━━ ENTRIES SHOWN
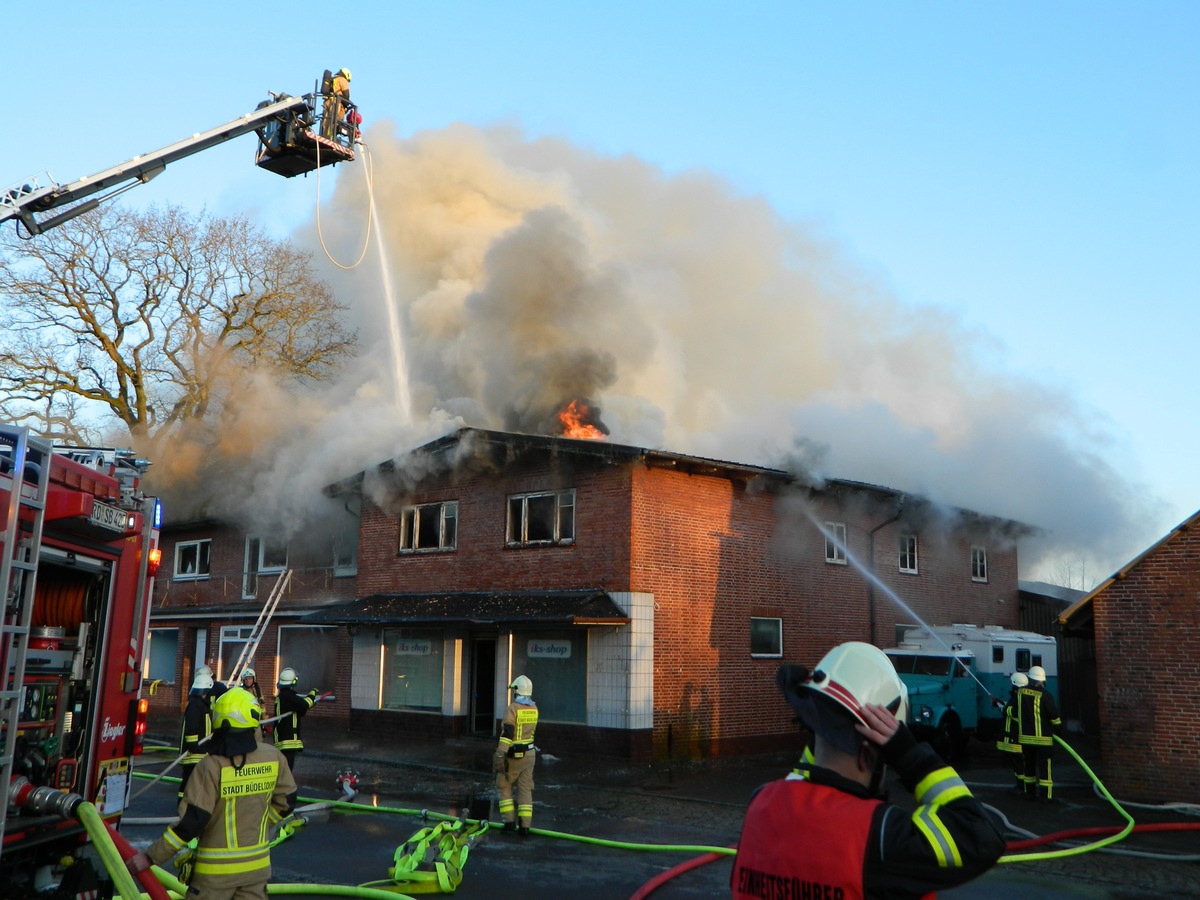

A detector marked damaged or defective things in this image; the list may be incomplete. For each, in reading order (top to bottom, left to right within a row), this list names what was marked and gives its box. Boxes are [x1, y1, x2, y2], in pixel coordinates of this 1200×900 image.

damaged roof [304, 592, 633, 628]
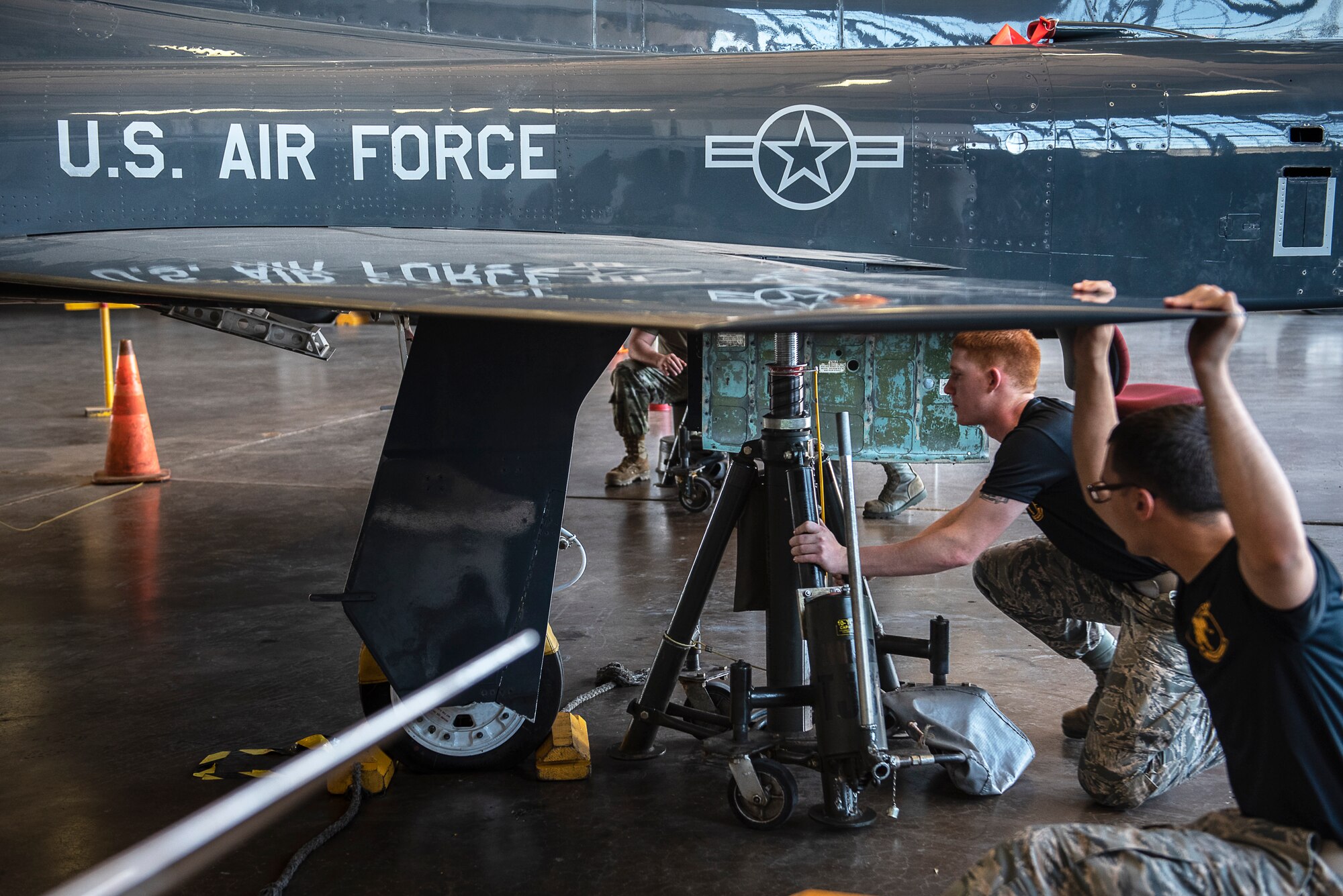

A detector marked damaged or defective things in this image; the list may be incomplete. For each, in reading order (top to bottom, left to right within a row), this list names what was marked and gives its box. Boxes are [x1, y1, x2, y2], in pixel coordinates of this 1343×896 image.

green corrosion-treated wing panel [704, 332, 988, 466]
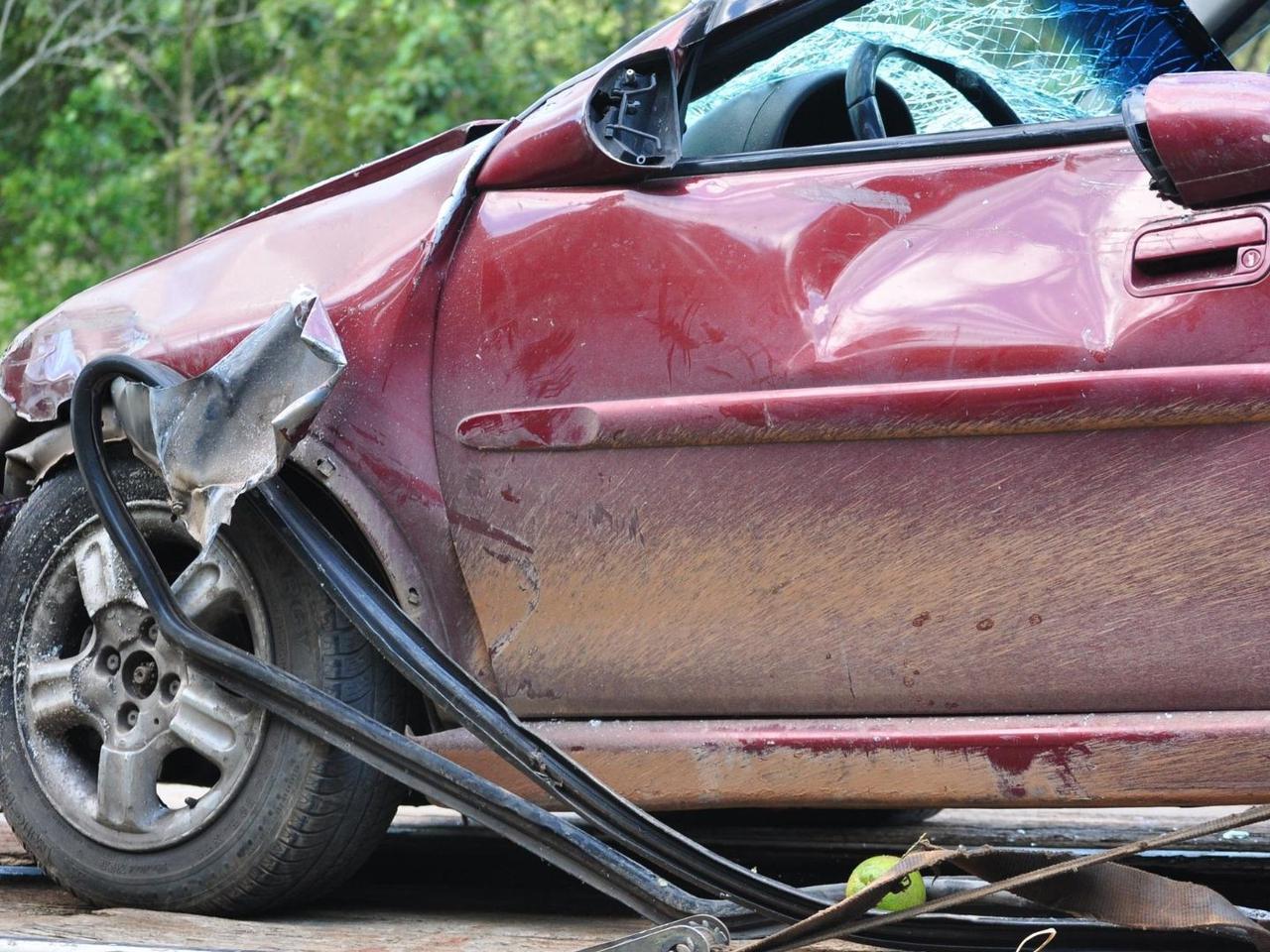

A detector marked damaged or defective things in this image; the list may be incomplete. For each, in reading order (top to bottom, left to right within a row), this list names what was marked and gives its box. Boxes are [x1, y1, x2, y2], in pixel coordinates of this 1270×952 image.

shattered windshield [686, 0, 1229, 135]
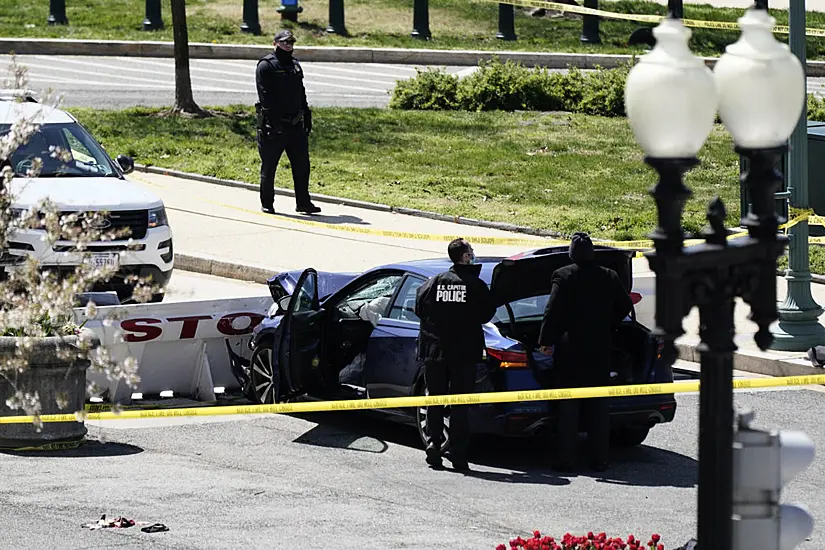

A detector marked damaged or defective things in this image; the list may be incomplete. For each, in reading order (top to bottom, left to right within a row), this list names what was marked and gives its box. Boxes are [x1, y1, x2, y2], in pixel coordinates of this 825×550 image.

crashed dark sedan [238, 246, 676, 452]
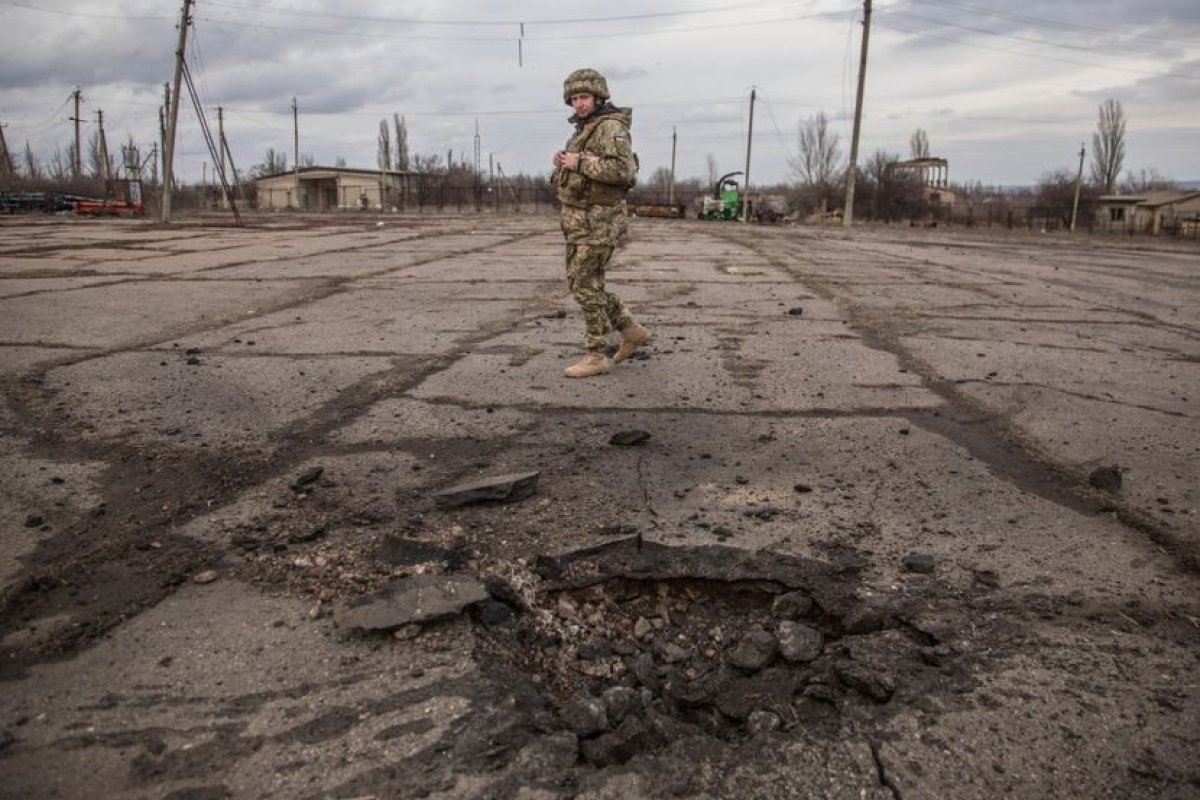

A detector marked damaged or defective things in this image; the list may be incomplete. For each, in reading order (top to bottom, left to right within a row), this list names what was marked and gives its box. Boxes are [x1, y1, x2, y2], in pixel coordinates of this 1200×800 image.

broken concrete slab [434, 470, 542, 506]
cracked asphalt [0, 212, 1195, 800]
broken concrete slab [333, 573, 487, 633]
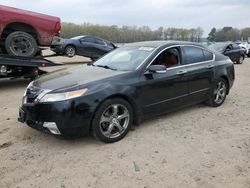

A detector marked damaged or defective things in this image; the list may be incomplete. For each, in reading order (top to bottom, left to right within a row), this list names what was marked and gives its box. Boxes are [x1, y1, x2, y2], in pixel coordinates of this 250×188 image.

damaged vehicle [0, 4, 61, 56]
damaged vehicle [51, 35, 117, 60]
damaged vehicle [19, 41, 234, 143]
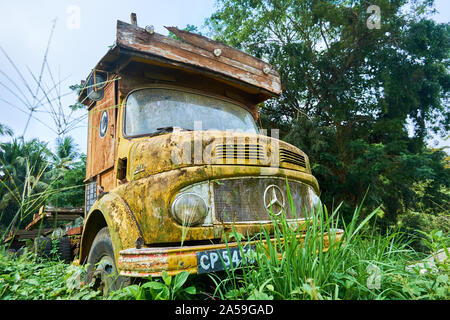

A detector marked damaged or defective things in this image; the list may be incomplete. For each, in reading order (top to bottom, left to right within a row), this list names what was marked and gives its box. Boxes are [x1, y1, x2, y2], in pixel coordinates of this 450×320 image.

rusty yellow truck [76, 16, 342, 292]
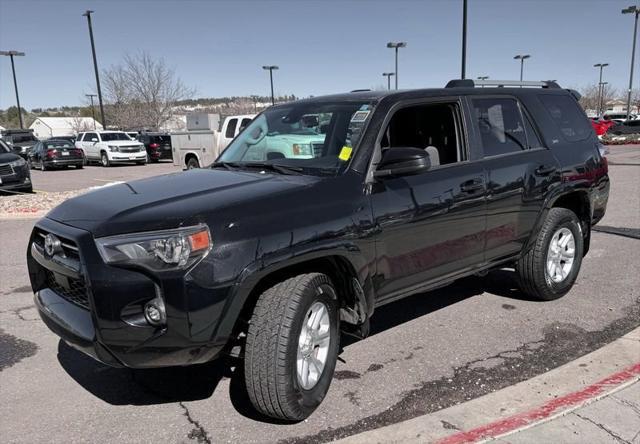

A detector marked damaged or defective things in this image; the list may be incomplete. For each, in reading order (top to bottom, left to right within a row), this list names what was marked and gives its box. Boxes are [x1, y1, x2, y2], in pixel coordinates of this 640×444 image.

cracked pavement [0, 144, 636, 442]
━━━━
Each line from the one containing "this 640×444 image." to the end of the records should be echoed exactly, and no other line.

A detector marked damaged or defective things in this image; the list may be incomplete. For each, in reading order (top to bottom, left to right within a row), this list names what was marked and gives its box. Boxes are [x1, y1, x2, y2], in pixel coordinates of this 640×444 image.

cracked pavement [0, 144, 636, 442]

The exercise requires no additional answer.